We’ve made great strides in the foundations of ML, with extensive work on algorithms, efficiency, data, and privacy. We’ve improved ML efficiency with pioneering techniques that reduce LLM inference times, which have been implemented in Google products and adopted across the industry. Our research on waterfalls presents a method for exploiting smaller models for “easy” results while our novel speculative decoding The algorithm calculates multiple tokens in parallel, speeding up output generation by approximately 2x to 3x without affecting quality. As a result, LLMs that power conversational products can generate responses much faster. This equates to a significantly improved user experience and makes AI more computationally and energy efficient. We build on this work with refinement of the project And block verification. We also looked at new ways to improve LLM reasoning skills through break tokens — increased reasoning power could make smaller models more powerful, leading to significant efficiency gains. We explored the algorithmic efficiency of transformers and designed PolySketchAncient, HyperAttentionAnd Selective attentionthree new attention mechanisms, to address computational challenges and bottlenecks in language model deployment and to improve model quality.
Our teams have made considerable additional progress, notably in researching principles carryover algorithms with several experts and a general two-step adjustment carryover algorithm. OUR RL imitation learning algorithm for compiler optimization leads to significant savings and reduction in binary file size; our research on multi-objective reinforcement learning from human feedback, the Conditional language policy frameworkprovided a principled solution with a key trade-off between quality and reality and significant computational savings; and work on learning in context provided a mechanism for efficient learning on samples for sparse retrieval tasks.
Data is another essential element of ML. To support ML research across the ecosystem, we have published and contributed to various datasets. Croissantfor example, is a metadata format designed for the specific needs of ML data, which we designed in collaboration with industry and academia. We have developed sensitivity samplinga data sampling technique for foundation models, and proven that it is an optimal data sampling strategy for classic clustering problems such as k-means. We have advanced our research on scalable clustering algorithms, and open source a parallel graph clustering library, providing state-of-the-art results on graphs with billions of edges on a single machine. The rapid proliferation of domain-specific machine learning models highlights a key challenge: even if these models excel in their respective domains, their performance often varies significantly across various applications. To solve this problem, our research developed a principle algorithm by presenting the problem as a multi-source domain adaptation task.
Google Research is deeply engaged in privacy research and has made important contributions in this area. Our work on differentially private model training highlights the importance of rigorous analysis and implementation of privacy-preserving ML algorithms to ensure robust protection of user data. We have supplemented these analyzes with more effective analyzes algorithms for training and new methods for auditing implementations, which we open source for the community. In our research on learning from aggregated data, we introduced a new approach to construction of an aggregation datasets and explored various algorithmic aspects of model learning from aggregated data, which allowed optimistic sample complexity rate in this context. We also designed new methods to generate differentially private synthetic data — artificial data offering strong privacy protection, while having the characteristics required for training predictive models.

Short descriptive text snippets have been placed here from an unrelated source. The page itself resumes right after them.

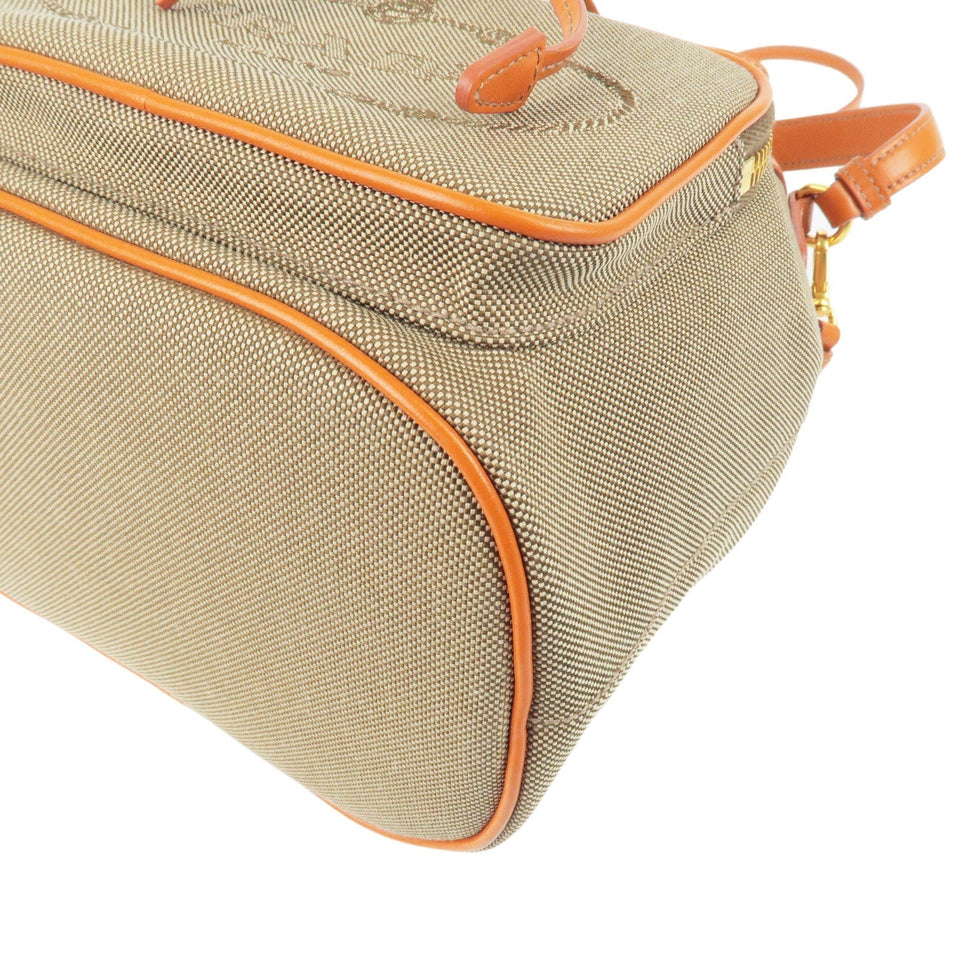 Prada Logo Jacquard Leather 2Way Bag Shoulder Bag Beige 1BH038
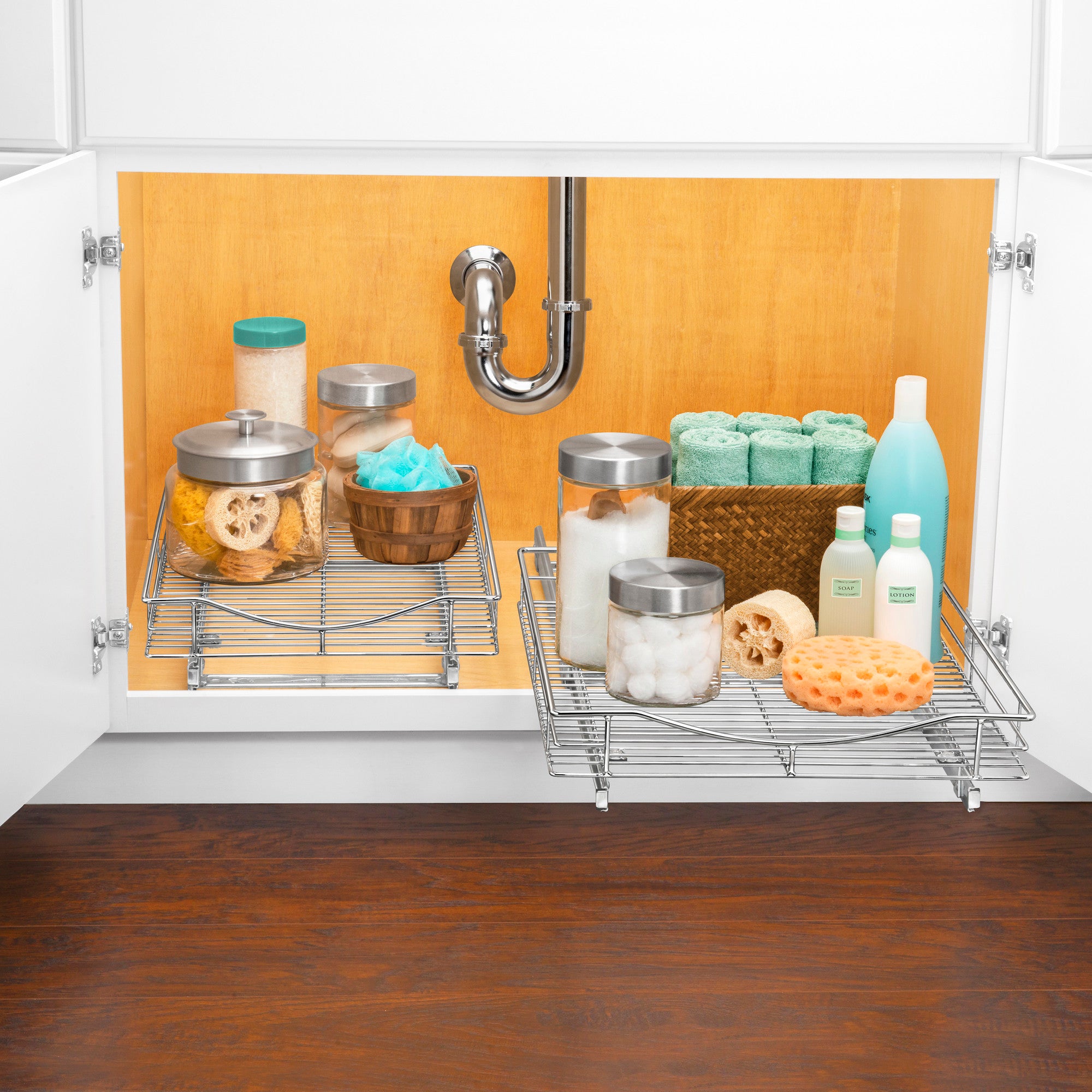 LYNK PROFESSIONAL® Pull Out Cabinet Organizer - Slide Out Pantry Shelves - Sliding Storage for Inside Kitchen Cabinet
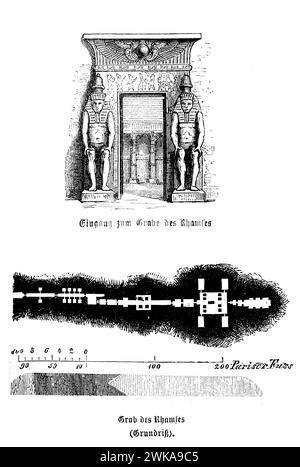 L'entrée de la tombe de Ramsès et son plan d'étage mettraient en valeur les prouesses architecturales et techniques de l'Égypte ancienne. Ces tombes, en particulier celles de la Vallée des Rois, où de nombreux Ramsès sont enterrés, sont des structures élaborées sculptées dans la roche, avec des dispositions complexes comprenant de multiples chambres, couloirs et éléments décoratifs. Banque D'Images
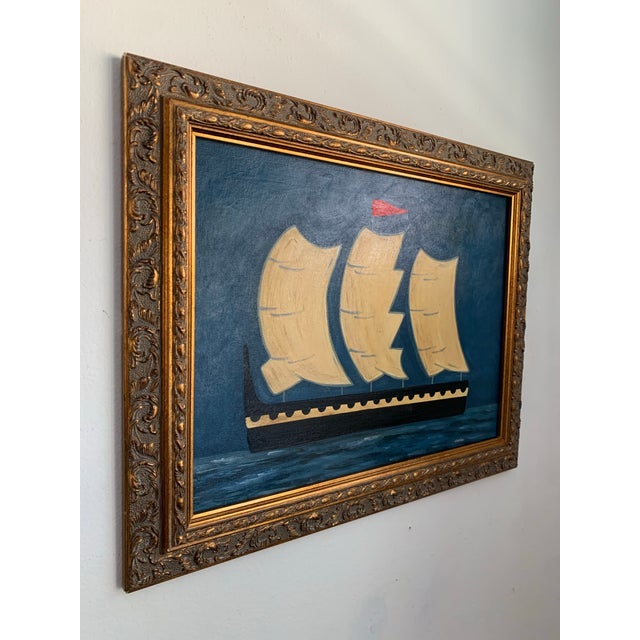 This richly layered maritime painting features a black vessel set against a deep navy sky, with water rendered in varying...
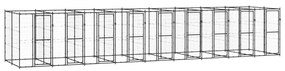 vidaXL Canil de exterior 21,78 m² aço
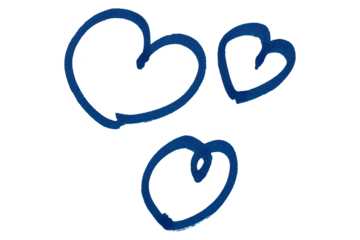Blue hearts isolated on transparent background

As we push the boundaries of what can be achieved in IT optimization, this has significant implications for the global economy. Take linear programming (LP), a fundamental computational method that informs data-driven decision-making and has many applications in areas such as manufacturing and transportation. We introduced PDLPwhich requires less memory, is more compatible with modern computing techniques, and greatly increases LP resolution capabilities. He received the prestigious Beale — Orchard-Hays Prize and is now available under Google’s open source program OR Tools. We announced our Shipping Network Design APIa great example of PDLP use case, to optimize shipping of goods. This enables greener and more cost-effective solutions to supply chain challenges, with the ability for shipping networks to deliver 13% more containers with 15% fewer vessels. We introduced Times-FMalso, for more accurate time series forecasting, a type of forecasting widely used in fields such as retail, manufacturing, and finance. This basic decoder-only model was pre-trained on 100 billion real time points, largely using data from Google Trends and Wikipedia page views, and outperformed even powerful deep learning models that were trained on the target time series.